The previous three chapters have shown several coding techniques used to compress data. The two coding methods disscussed, Huffman and arithmetic coding, can be implemented using either the fixed or adaptive approaches, but in all cases a statistical model needs to drive them. The chapters which discuss these coding techniques all used a simple order-0 model, which provides fairly good compression. This chapter discusses how to combine more sophisticated modeling techniques with standard coding methods to acheive better compression.

Higher-Order Modeling

To compress data using arithmetic or Huffman coding, we need a model of the data stream. The model needs to do two things to achieve compression: (1) it needs to accurately predict the frequency/probability of symbols in the input data stream, and (2) the symbol probabilities generated by the model need to deviate from a uniform distribution.

Accurately predicting the probability of symbols in the input data is an inherent need in arithmetic or Huffman coding. This type of coding reduces the number of bits needed to encode a character as its probability of appearance increases. If the letter E represents 25 percent of the input data, it should take only two bits to code. If the letter Z represents only .1 percent of the input data, it might take ten bits to code. If the model is not generating probabilities accurately, it might take ten bits to code E and two bits to code Z, causing data expansion instead of compression.

The model also needs to make predictions that deviate from a uniform distribution. The better the model is at making these predictions, the better the compression ratios will be. A model could be created, for example, that assigned all 256 possible symbols a uniform probability of 1/256. This model would create an output file exactly the same size as the input file, since every symbol would take exactly eight bits to encode. Only by correctly finding probabilities that deviate from a normal distribution can the number of bits be reduced, leading to compression. The increased probabilities have to accurately reflect reality, of course, as prescribed by the first condition.

It may seem that the probability of a given symbol occurring in a data stream is fixed, but this is not quite true. The probability of a character can change quite a bit, depending on the model. When compressing a C program, for example, the probability of a new-line character in the text might be 1/40, a probability determined by scanning the entire text and dividing the number of occurrences of the character by the total number of characters.
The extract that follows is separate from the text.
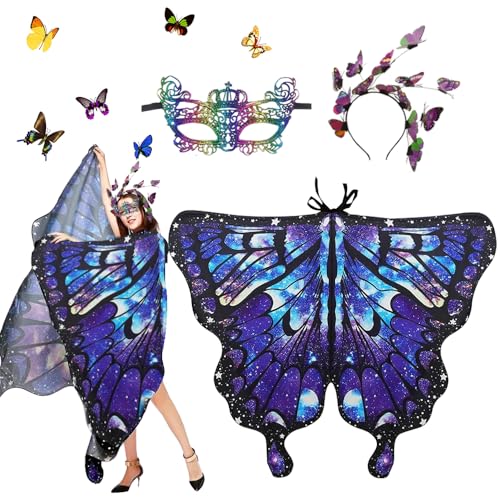 PASLFC Schmetterling Kostüm Damen,Halloween Karneval Kostüm Damen Schmetterling,3 Stück Set Schmetterling Umhang Damen,Schmetterling Flügel Umhang,Schmetterlingsflügel Erwachsene (A-54) von PASLFC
But if a modeling technique looks at a single previous character, the probabilities change. In that case, if the previous character were a ‘}’, the probability of a new-line character goes up to 1/2. This improved modeling technique leads to better compression, though both models were generating accurate probabilities.

Finite Context Modeling

The modeling discussed in this chapter is called “finite-context” modeling. It is based on a simple idea; calculate the probabilities for each incoming symbol based on the context in which the symbol appears. In all of the examples shown here, the context consists of nothing more than symbols previously encountered. The “order” of the model refers to the number of previous symbols that make up the context.

The simplest finite-context model would be an order-0 model that calculates the probability of each symbol independently of any previous symbols. To implement this model, all that is needed is a single table containing the frequency counts for each symbol that might be encountered in the input stream. An order-1 model keeps track of 256 different tables of frequencies, since it needs a separate set of counts for each possible context. Similarly, an order-2 model needs to handle 65,536 different tables of contexts.

The models used in chapters 3, 4, and 5 were all order-0 models. They didn’t take up much storage space, and they were simple to manipulate. By confining ourselves to order-0 modeling, however, we ensured that our data-compression ratios were relatively modest.